● Task goal
Return the stretch from the line with "Businesswoman working on" through the line with "Woman lying on" in the data below, character for character, skipping all pictures.

● Dataset records
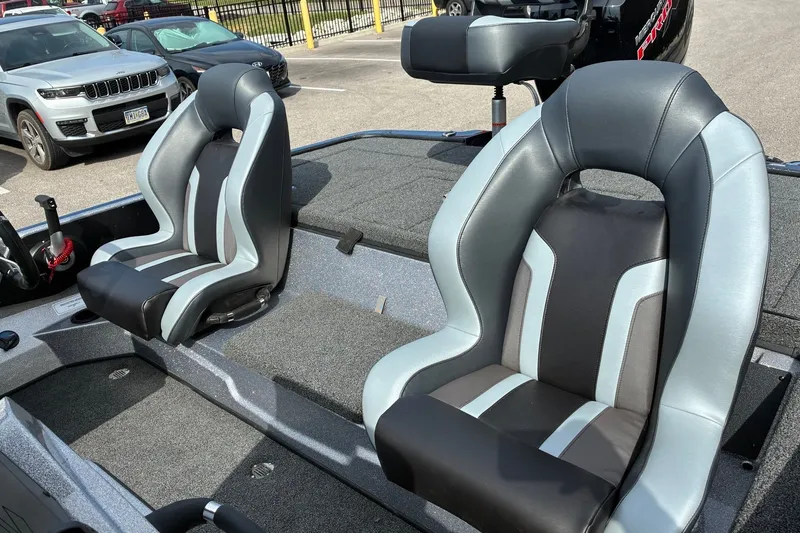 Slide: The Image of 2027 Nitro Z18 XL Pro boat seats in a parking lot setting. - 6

--

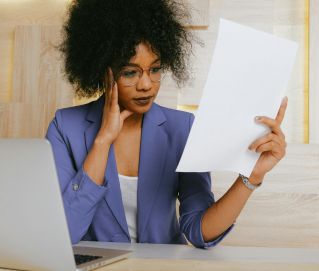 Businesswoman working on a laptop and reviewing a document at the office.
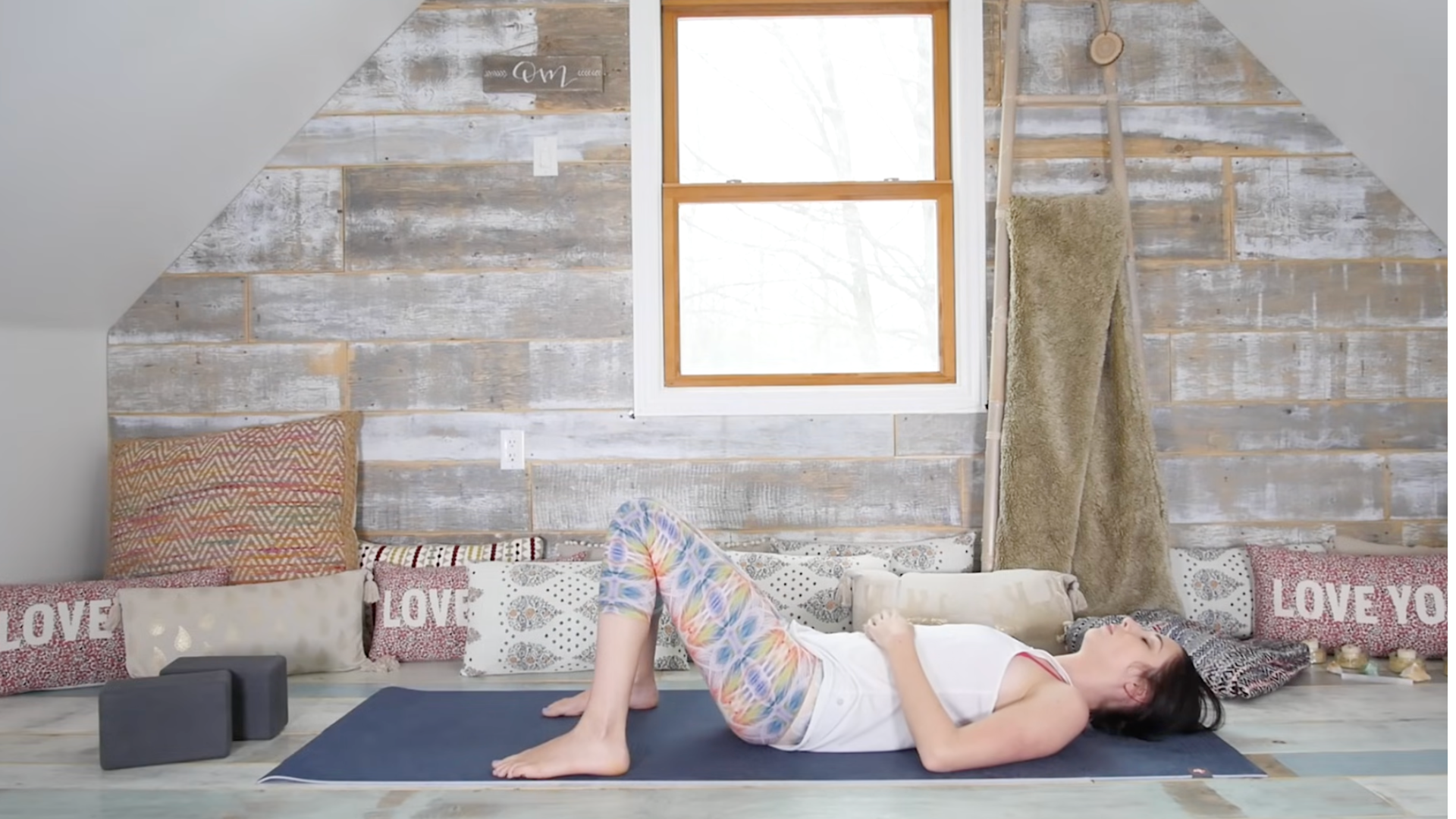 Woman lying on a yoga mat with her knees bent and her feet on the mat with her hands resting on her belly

● Exercise response
 Businesswoman working on a laptop and reviewing a document at the office.
 Woman lying on a yoga mat with her knees bent and her feet on the mat with her hands resting on her belly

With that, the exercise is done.